FedSat: A Statistical Aggregation Approach for Class Imbalanced Clients in Federated Learning
Sujit Chowdhury, Raju Halder
TL;DR
FedSat tackles three forms of data heterogeneity in federated learning—label skewness, missing classes, and quantity skewness—by integrating a prediction-sensitive loss and a prioritized-class based weighted aggregation. It formalizes a global objective and employs a two-stage evaluation of client updates via worker sets to compute class-aware statistics, guiding robust, class-aware aggregation. Empirical results on MNIST, CIFAR-10, and CIFAR-100 under LS, LSMC, and LQSMC demonstrate consistent improvements over baselines, with faster convergence and stronger performance on underrepresented classes, including up to substantial gains in extreme non-IID settings. The approach offers a scalable, robust solution for real-world heterogeneous FL and points to future work in privacy-preserving and security-enhanced extensions such as differential privacy, secure aggregation, and blockchain integration.
Abstract
Federated learning (FL) has emerged as a promising paradigm for privacy-preserving distributed machine learning, but faces challenges with heterogeneous data distributions across clients. This paper presents FedSat, a novel FL approach specifically designed to simultaneously handle three forms of data heterogeneity, namely label skewness, missing classes, and quantity skewness, by proposing a prediction-sensitive loss function and a prioritized-class based weighted aggregation scheme. While the prediction-sensitive loss function enhances model performance on minority classes, the prioritized-class based weighted aggregation scheme ensures client contributions are weighted based on both statistical significance and performance on critical classes.
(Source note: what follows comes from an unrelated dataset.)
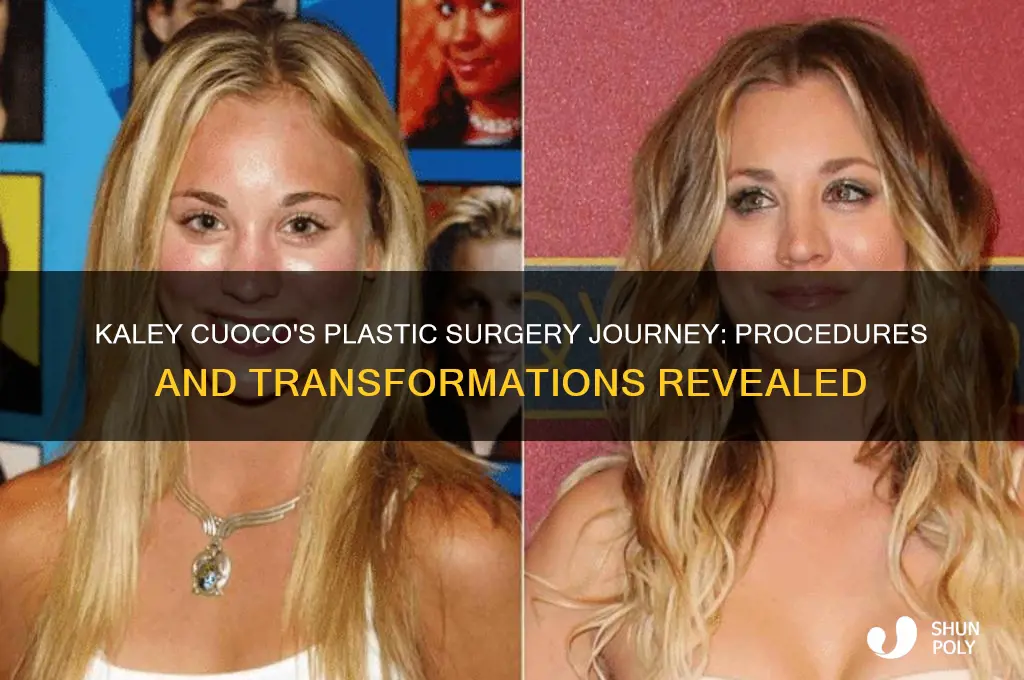 what plastic surgery has kaley cuoco had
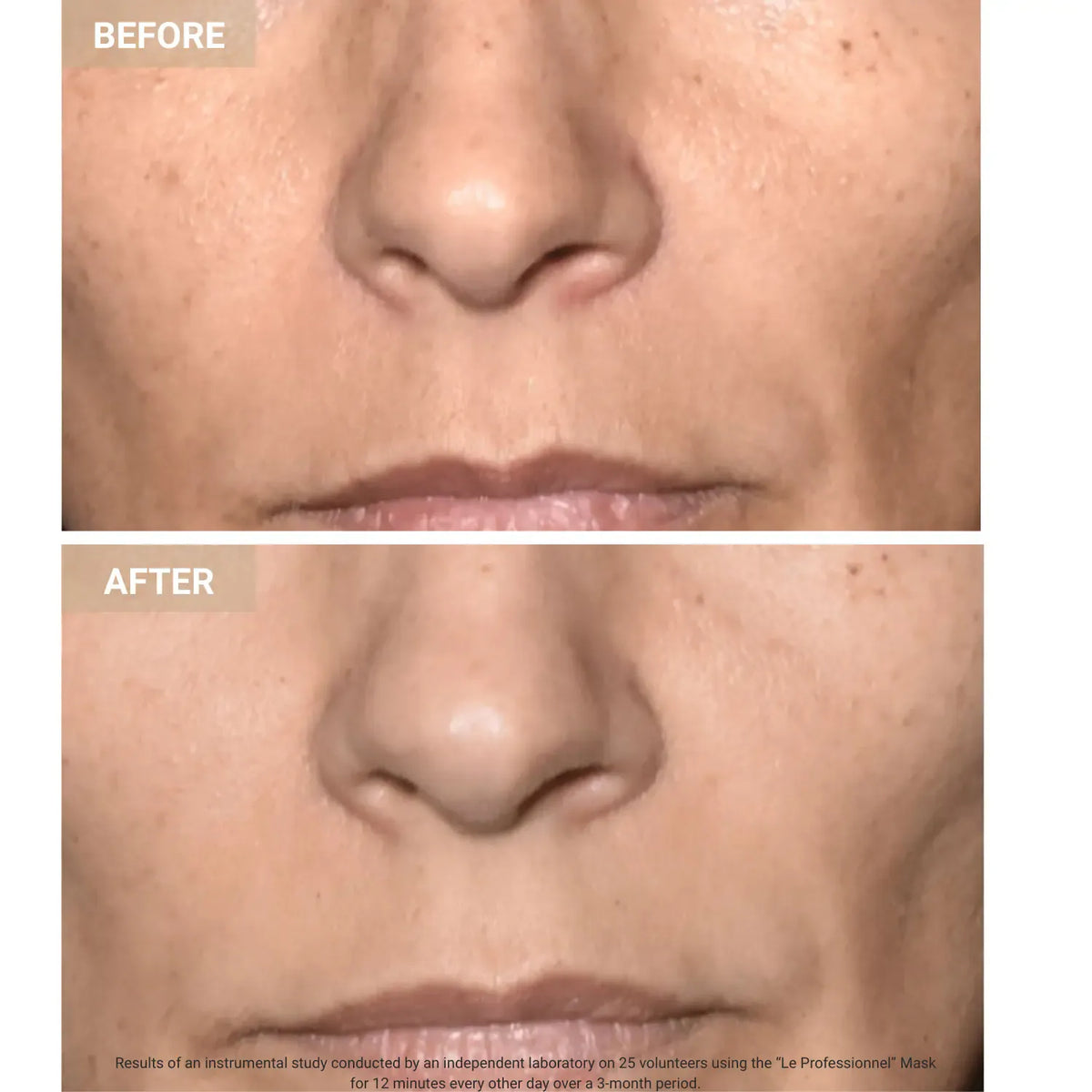 Mască Facială LED Anti-Aging Promagg, Lumină Roșie și Infraroșie - imagine 5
Extensive experiments across diverse data-heterogeneity settings demonstrate that FedSat significantly outperforms state-of-the-art baselines, with an average improvement of 1.8% over the second-best method and 19.87% over the weakest-performing baseline. The approach also demonstrates faster convergence compared to existing methods. These results highlight FedSat's effectiveness in addressing the challenges of heterogeneous federated learning and its potential for real-world applications.